**About this exercise**
Search the data for "illustration". Each line containing it is to be copied.

(Short descriptive text snippets)
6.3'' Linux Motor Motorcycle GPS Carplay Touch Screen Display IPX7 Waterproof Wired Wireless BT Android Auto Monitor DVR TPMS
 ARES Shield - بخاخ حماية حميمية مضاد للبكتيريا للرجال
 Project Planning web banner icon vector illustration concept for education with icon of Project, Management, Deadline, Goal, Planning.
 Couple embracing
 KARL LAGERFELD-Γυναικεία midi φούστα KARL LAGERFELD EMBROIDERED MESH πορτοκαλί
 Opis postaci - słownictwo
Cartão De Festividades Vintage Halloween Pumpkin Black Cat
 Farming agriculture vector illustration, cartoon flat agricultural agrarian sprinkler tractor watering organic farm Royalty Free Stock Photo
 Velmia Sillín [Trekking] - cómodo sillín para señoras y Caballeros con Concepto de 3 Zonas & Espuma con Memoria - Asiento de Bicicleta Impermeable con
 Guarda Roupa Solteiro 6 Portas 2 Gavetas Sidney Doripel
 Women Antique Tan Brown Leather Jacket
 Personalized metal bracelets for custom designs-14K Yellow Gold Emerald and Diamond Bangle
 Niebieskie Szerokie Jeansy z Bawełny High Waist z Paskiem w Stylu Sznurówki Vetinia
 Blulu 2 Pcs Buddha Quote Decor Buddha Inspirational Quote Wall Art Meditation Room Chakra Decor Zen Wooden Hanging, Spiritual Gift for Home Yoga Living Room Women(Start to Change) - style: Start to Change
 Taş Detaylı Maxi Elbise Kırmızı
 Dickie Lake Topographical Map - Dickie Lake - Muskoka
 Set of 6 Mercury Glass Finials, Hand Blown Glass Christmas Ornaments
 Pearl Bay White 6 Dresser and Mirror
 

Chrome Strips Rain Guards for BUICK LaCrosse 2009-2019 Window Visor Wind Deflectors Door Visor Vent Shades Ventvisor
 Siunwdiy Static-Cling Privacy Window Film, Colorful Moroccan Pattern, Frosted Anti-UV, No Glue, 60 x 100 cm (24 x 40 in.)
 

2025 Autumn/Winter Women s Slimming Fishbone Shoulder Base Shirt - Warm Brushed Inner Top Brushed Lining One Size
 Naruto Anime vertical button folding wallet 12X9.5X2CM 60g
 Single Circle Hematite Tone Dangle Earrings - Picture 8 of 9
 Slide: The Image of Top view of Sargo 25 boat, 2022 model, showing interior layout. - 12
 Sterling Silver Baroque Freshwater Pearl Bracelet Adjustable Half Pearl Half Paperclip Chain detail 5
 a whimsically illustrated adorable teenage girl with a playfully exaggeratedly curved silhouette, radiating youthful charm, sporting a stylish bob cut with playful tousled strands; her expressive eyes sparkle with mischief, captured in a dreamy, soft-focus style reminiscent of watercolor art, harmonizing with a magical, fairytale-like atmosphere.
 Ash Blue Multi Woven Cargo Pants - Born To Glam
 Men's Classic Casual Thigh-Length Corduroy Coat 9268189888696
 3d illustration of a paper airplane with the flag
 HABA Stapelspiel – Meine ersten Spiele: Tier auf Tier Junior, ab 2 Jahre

**Reply to the exercise**
 Project Planning web banner icon vector illustration concept for education with icon of Project, Management, Deadline, Goal, Planning.
 Farming agriculture vector illustration, cartoon flat agricultural agrarian sprinkler tractor watering organic farm Royalty Free Stock Photo
 3d illustration of a paper airplane with the flag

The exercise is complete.